↓↓↓

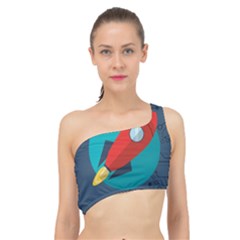 Rocket With Science Related Icons Image Spliced Up Bikini Top 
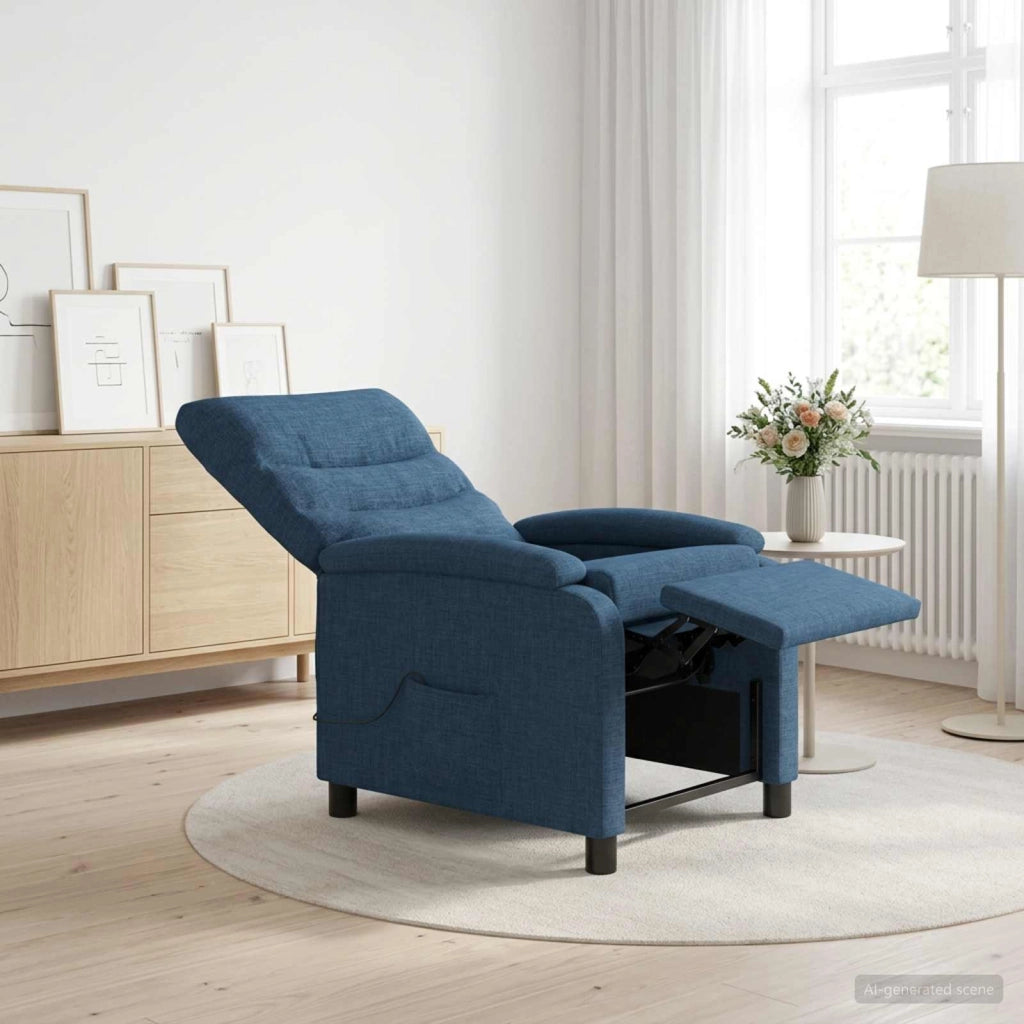 Poltrona Massaggiante Blu Tessuto 42034917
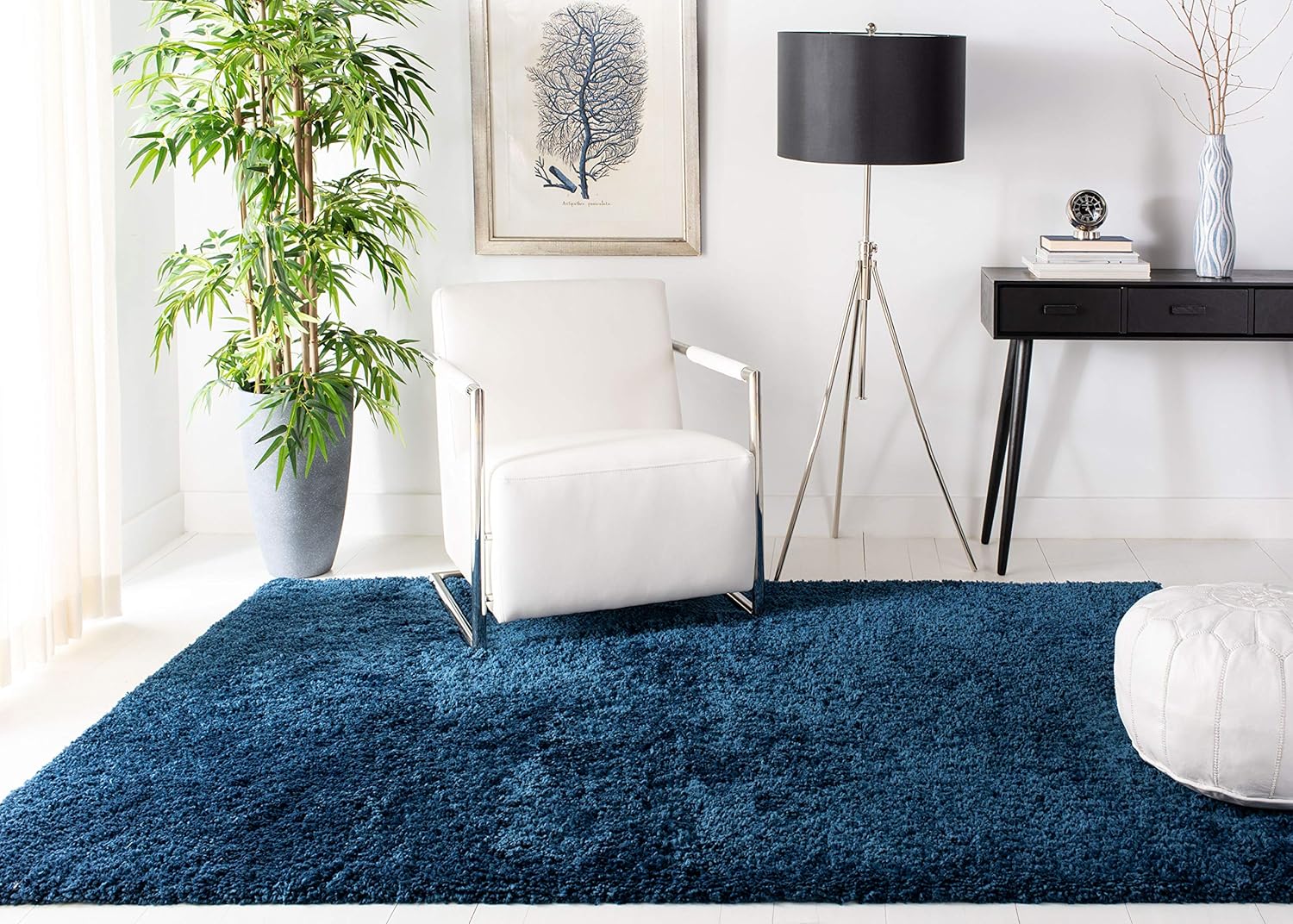 Safavieh Fontana Shag Clarisse 7 x 7 Blue Square Indoor Solid Area Rug - Image 4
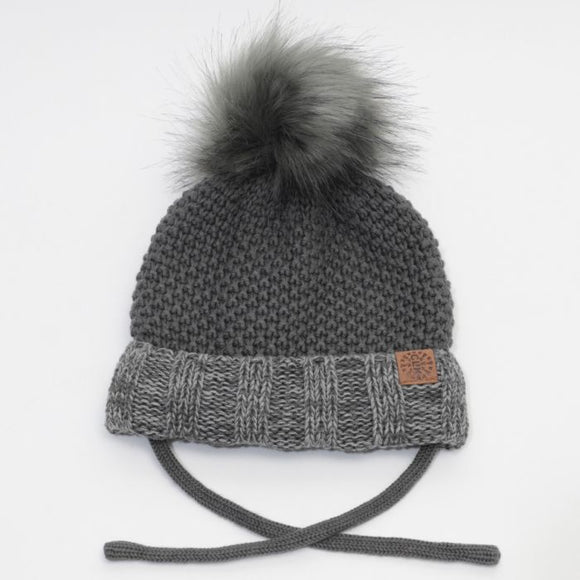 Calikids W2102 Knit Pompom Hat Charcoal Combo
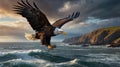 Bald Eagle Majestic Flight Over Coastal Waters with Dramatic Sky Background Royalty Free Stock Photo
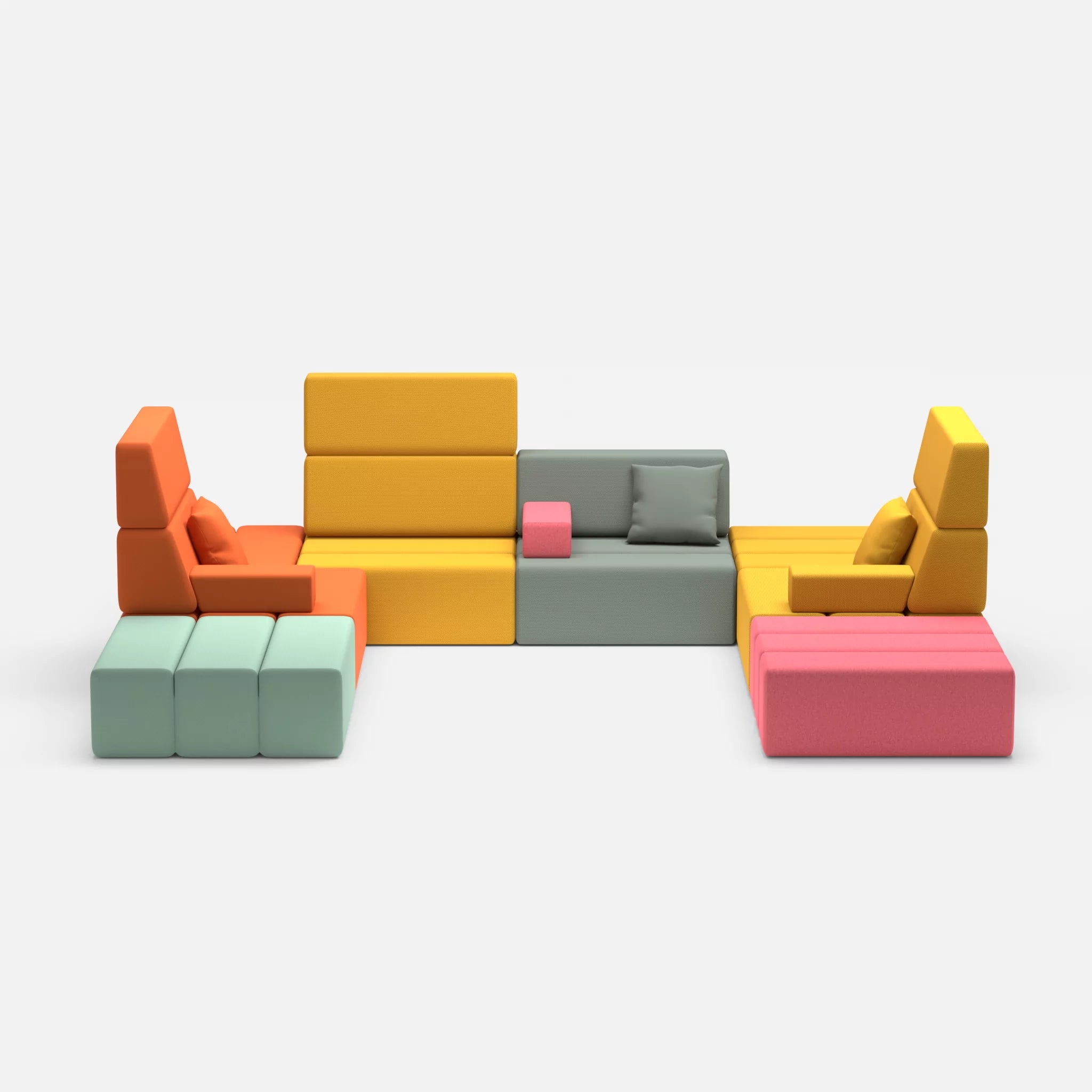 U Sofa Bricks 2 radio3094-novumcurry in Orange und Curry von vorne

↑↑↑

If a record contains a picture, omit the picture and repeat everything else exactly.

OUTPUT OF THE EXERCISE →
 Rocket With Science Related Icons Image Spliced Up Bikini Top 
 Poltrona Massaggiante Blu Tessuto 42034917
 Safavieh Fontana Shag Clarisse 7 x 7 Blue Square Indoor Solid Area Rug - Image 4
 Calikids W2102 Knit Pompom Hat Charcoal Combo
 Bald Eagle Majestic Flight Over Coastal Waters with Dramatic Sky Background Royalty Free Stock Photo
 U Sofa Bricks 2 radio3094-novumcurry in Orange und Curry von vorne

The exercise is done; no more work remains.